Anybody have a problem with this? I don’t. It’s a free country.
September 8th, 2006 at 1:37 pm
BTW - to elaborate on my first comment: I’m not saying that people who write historical drama have no responsibility to the truth. They have an entirely different responsibility than journalists and “straight” historians do. In some ways historical fiction demands an even higher standard of respect for truth, because the writer sets out to play with facts from the start and must do so with great caution.
Gore Vidal (whom I find to be totally insane in almost every context) does a fine job of this in many of his novels, especially Lincoln. The proof is in the pudding, and the reader (or viewer) must judge whether the writer is bringing things to life or merely inventing them. There is good historical fiction, bad historical fiction, and my historical fiction.

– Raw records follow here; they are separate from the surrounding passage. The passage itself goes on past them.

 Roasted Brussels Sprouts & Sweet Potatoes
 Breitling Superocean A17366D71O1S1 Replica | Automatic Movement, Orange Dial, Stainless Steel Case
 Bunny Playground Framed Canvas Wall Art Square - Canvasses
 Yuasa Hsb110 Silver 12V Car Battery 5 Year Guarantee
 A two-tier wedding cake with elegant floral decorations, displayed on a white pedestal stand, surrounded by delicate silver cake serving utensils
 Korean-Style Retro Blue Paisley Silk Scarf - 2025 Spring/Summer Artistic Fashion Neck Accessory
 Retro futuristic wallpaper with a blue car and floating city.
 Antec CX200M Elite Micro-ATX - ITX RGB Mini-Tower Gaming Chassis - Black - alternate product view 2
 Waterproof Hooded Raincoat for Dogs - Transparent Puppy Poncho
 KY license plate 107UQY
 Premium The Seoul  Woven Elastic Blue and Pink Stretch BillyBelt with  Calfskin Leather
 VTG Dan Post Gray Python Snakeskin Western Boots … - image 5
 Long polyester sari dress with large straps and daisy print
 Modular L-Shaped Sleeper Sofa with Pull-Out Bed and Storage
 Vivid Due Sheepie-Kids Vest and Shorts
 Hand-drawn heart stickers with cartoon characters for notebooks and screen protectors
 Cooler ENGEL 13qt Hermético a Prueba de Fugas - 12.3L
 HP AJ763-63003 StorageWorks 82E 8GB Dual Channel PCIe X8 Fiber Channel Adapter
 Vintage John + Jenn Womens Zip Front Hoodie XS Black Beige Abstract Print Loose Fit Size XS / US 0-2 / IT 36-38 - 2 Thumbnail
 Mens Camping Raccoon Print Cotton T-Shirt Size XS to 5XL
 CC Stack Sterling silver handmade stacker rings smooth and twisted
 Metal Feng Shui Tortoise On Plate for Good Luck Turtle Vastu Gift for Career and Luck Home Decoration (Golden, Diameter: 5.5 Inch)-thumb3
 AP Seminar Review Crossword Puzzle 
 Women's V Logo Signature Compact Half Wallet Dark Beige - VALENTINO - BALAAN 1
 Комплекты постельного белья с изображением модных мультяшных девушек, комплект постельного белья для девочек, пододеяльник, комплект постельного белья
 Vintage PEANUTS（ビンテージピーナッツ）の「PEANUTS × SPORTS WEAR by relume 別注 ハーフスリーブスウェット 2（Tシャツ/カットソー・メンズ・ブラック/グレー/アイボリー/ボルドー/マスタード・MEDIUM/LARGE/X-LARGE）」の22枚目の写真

Unfortunately, you might not get the chance to make this judgment, because it sounds like ABC will bow to criticism and censor the film. The good news is that it will only take 15 minutes to watch it.
September 12th, 2006 at 3:36 pm
I did not go see Fahrenheit 911 because it was not factual.
I did not watch the CBC doco-thingy “Path to 9/11″ because it was “representational”. BTW local reviews seem to indicate that I did not waste my time watching the other rubbish over those two evenings.
I don’t think I would want to watch a true documentary, the plain unvarnished as it happened truth because it would be just too plain depressing…
September 12th, 2006 at 4:26 pm
Hell, I do. Let’s get that information out there. More fact and less opinion.